Une surprise attendait Léa à son retour de Nuremberg : Sarah lui donnait rendez-vous dans un appartement de la place des Vosges. Sans prendre le temps de défaire ses bagages ni de quitter son uniforme, elle se précipita à l’adresse indiquée. La porte lui fut ouverte par un jeune homme blond au visage de fille.
— Vous êtes Léa Delmas ? Venez, madame Mulstein vous attend.
Le jeune homme la conduisit dans un vaste salon aux dorures éteintes et au mobilier hétéroclite, enfumé et surchauffé, où discutaient passionnément cinq ou six personnes dont deux femmes. L’une d’elles, grande et mince, vêtue avec élégance, avait le crâne rasé. Bien qu’elle fut de dos, Léa reconnut Sarah Mulstein. Quand elle se retourna, elle fut frappée par son regard dur et froid.
— Laissez-nous, dit-elle à ses compagnons.
Tous se levèrent sans rien dire et quittèrent le salon en considérant fraîchement la nouvelle venue.
Intimidée, Léa regardait cette femme étrange qu’elle avait connue gaie et insouciante et qui l’observait, silencieuse. La joie qu’elle se faisait de leurs retrouvailles s’évanouit. Frappée par son apparence et son silence, elle ne se rendait pas compte qu’elle dévisageait son amie et que cette attitude pouvait être blessante.

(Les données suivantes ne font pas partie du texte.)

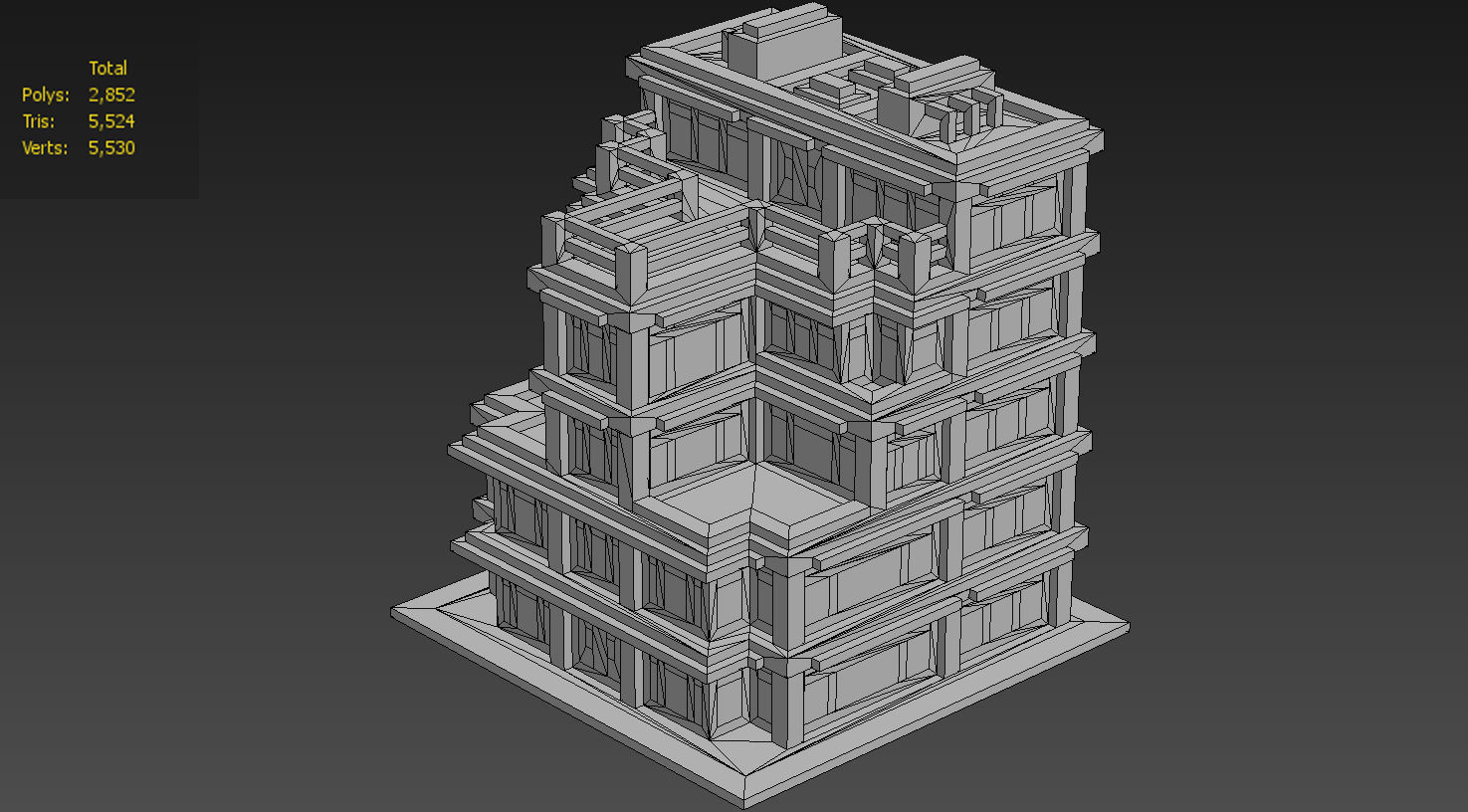 House Voxel - 20 Low-poly 3D model_4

— Je vois que tu n’as pas perdu cette habitude de fixer les gens comme s’ils étaient des objets.
Léa se sentit rougir et en conçut de l’agacement. Où était la joie de retrouver celle qu’elle avait sauvée des griffes de Massuy et de la mort à Bergen-Belsen ? Désorientée, elle baissa la tête.

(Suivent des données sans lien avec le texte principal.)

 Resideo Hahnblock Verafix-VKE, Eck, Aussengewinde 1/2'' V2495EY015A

— Allons, ne prends pas cet air-là, viens m’embrasser.
L’intonation tendre de la voix eut raison de la gène de Léa. Elle se jeta dans les bras tendus avec une hâte enfantine et baisa les joues marquées de légères traces blanches qui n’ôtaient rien à la beauté froide de Sarah, mais la rendaient plus singulière encore. Singularité accentuée par le crâne lisse et par les yeux verts qui paraissaient plus grands.
— Que tu es belle, petite fille, plus belle encore…
La voix rauque, légèrement brisée de Sarah remua Léa et ce fut avec sincérité qu’elle s’écria :
— C’est toi qui es belle malgré…
Elle s’arrêta rougissant à nouveau. Sarah sourit.
— Non, je ne suis pas belle, pourquoi t’arrêtes-tu ?
— Tes cheveux ! tes beaux cheveux !
— Quoi, mes cheveux ? À quoi ça sert des cheveux ? Tout juste à fabriquer des tissus…
— Oh !
— Cela te choque, c’est pourtant ce qu’ils faisaient de nos cheveux. Il faudra t’y habituer, à cette marque d’infamie, car c’est une marque d’infamie que de tondre les femmes. Je croyais que tu le savais.
— Justement.
— Vois-tu, je veux qu’en me regardant tous pensent : c’est une putain…
— Tais-toi !
— Oui, une putain, une putain à Boches, comme les filles tondues de la Libération…
— Tais-toi ! Pourquoi me dis-tu ça ?
— Pour que tu le saches et que tu n’oublies pas. Là-bas, ils m’ont mise dans un bordel à soldats et par dizaines, chaque jour, ils ont abusé de mon corps. Toi aussi, belle comme tu es, ils t’auraient mise dans un bordel. Va, ce n’est pas si terrible !… Cela, vois-tu, j’aurais peut-être pu le leur pardonner, mais il y a eu le reste, tout le reste et pour cela il n’y a pas de pardon, il n’y aura jamais de pardon.
Sarah se détourna et alla vers la fenêtre. Elle appuya son front contre la vitre et resta longtemps silencieuse. Léa s’approcha et posa sa tête contre son épaule.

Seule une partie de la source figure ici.